» Recorded data
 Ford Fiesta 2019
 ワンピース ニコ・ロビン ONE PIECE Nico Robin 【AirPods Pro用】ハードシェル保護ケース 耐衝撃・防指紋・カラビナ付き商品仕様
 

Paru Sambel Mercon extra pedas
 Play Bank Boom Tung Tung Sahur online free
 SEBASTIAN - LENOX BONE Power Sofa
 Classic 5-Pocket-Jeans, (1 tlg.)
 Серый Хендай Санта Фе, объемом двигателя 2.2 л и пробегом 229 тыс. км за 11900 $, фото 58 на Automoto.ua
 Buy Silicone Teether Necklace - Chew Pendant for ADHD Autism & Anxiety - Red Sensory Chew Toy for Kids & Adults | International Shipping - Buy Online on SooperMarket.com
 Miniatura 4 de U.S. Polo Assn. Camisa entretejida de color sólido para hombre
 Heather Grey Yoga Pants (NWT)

--

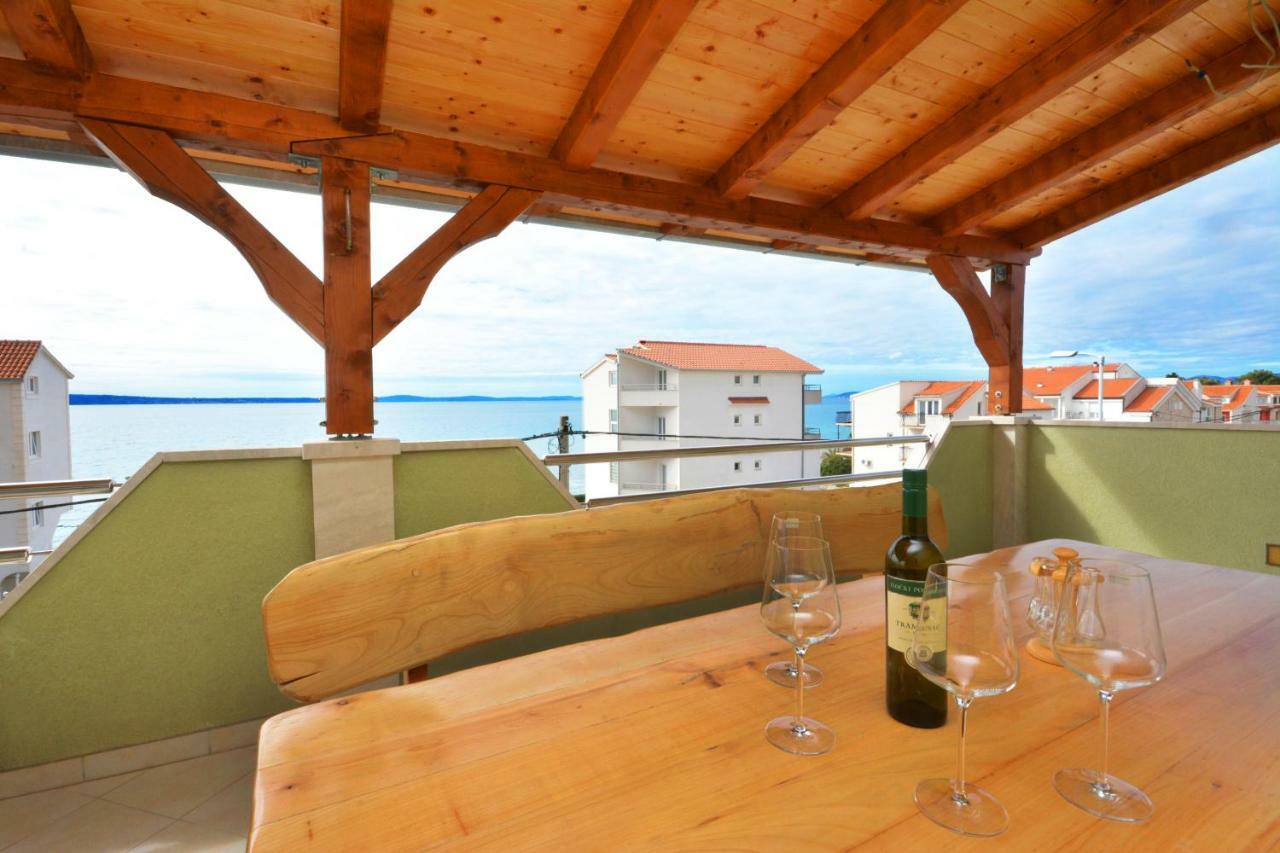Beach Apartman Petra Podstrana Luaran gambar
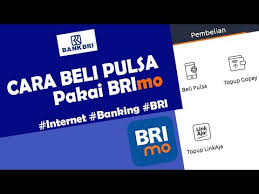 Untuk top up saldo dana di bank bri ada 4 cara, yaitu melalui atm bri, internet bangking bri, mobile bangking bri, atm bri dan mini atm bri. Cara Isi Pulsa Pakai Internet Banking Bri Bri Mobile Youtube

» Directions for this task
Exact duplication is required for the lines above, from the line that contains "Classic 5-Pocket-Jeans, (1 tlg.)" to the line that contains "Heather Grey Yoga Pants (NWT)", inclusive; omit all others.

» Completed exercise
 Classic 5-Pocket-Jeans, (1 tlg.)
 Серый Хендай Санта Фе, объемом двигателя 2.2 л и пробегом 229 тыс. км за 11900 $, фото 58 на Automoto.ua
 Buy Silicone Teether Necklace - Chew Pendant for ADHD Autism & Anxiety - Red Sensory Chew Toy for Kids & Adults | International Shipping - Buy Online on SooperMarket.com
 Miniatura 4 de U.S. Polo Assn. Camisa entretejida de color sólido para hombre
 Heather Grey Yoga Pants (NWT)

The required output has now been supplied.